Origin and Characteristics

The Blues came along in the 1900s and took the world by storm. It was originated by slaves and ex-slaves as a way to express their hardship and battles. The Blues came from the South in the Mississippi Delta. The Blues was viewed as a more serious genre with its slow beat strong lyrics. Blues is mostly sung and played in terms of call and response through the use of voice or instrumentation. Blues songs are typically 12 bars with a chord similar to this:  I-I-I-I-IV-IV-I-I-V-IV-I-I. The blues included aspects such as ‘Blues Texts’ which were Blues’ songs that were specifically about feelings and emotions, ‘Blue Notes’ which are are notes that fall between two adjacent notes in the standard Western division of the octave, ‘ Bends’ which is a technique used when playing an instrument to raise or lower a pitch., and ‘Bottleneck’ which described the sound when a guitar player slides a metal bar or glass neck across their guitar strings.

Social Implications

The Blues made music a lot more vulnerable. It opened the door for artists to be sad and talk about hardship and the struggle that they have experienced. It also helped to connect and aid in the understanding of the stuggles of Black people for White people.

Commodification

Sheet music became more popular and allowed for music to be shared globally which made race records so popular.

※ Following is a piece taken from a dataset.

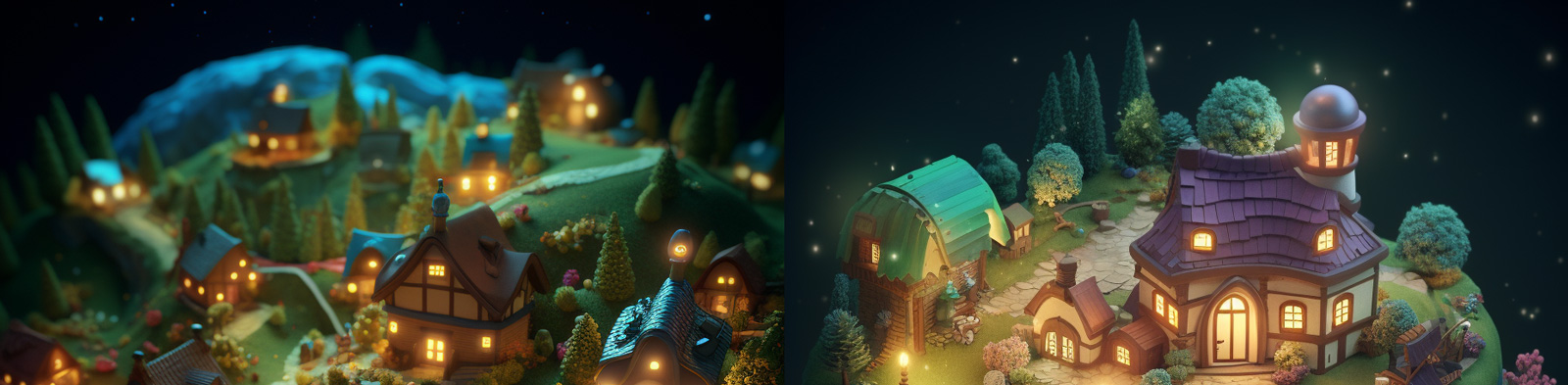 童话小屋建筑模型Midjourney关键词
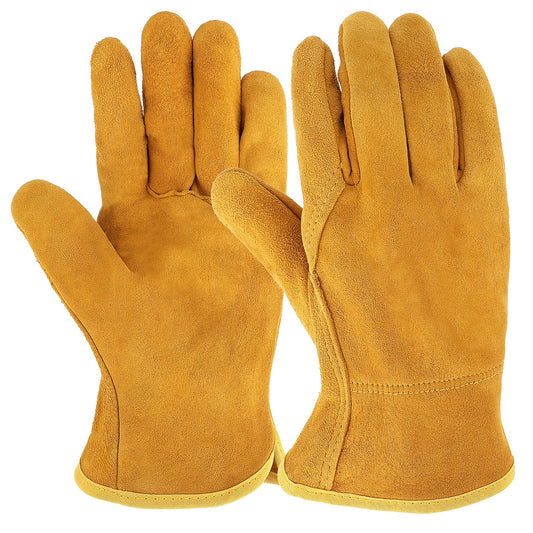 Giantree Gardening Gloves for Men and Women, Heat-resistant Tough Thorn Proof Cowhide Leather Safety Work Gloves Comfortable Breathable Protective Gloves Flexible Heavy Duty Gloves with Strong Grip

When the sheet music came out more White people were able to learn and commodify the Blues.

Influence of Genre

Blues opened the door for two major genres: Country and R&B. Both genres mimic blues in that they both have the vulnerability of their lyrics like blues. Blues is also responsible for the creation of Rock N Roll. They sped the music up and Rock N Roll was born.

Key Performers

Conclusory Opinion

The blues had bridged the gap between secular and sacred music and the struggles of African Americans. The Blues allowed African Americans to be sad, angry, distraught, and heartbroken. The Blues is the story of struggle via music.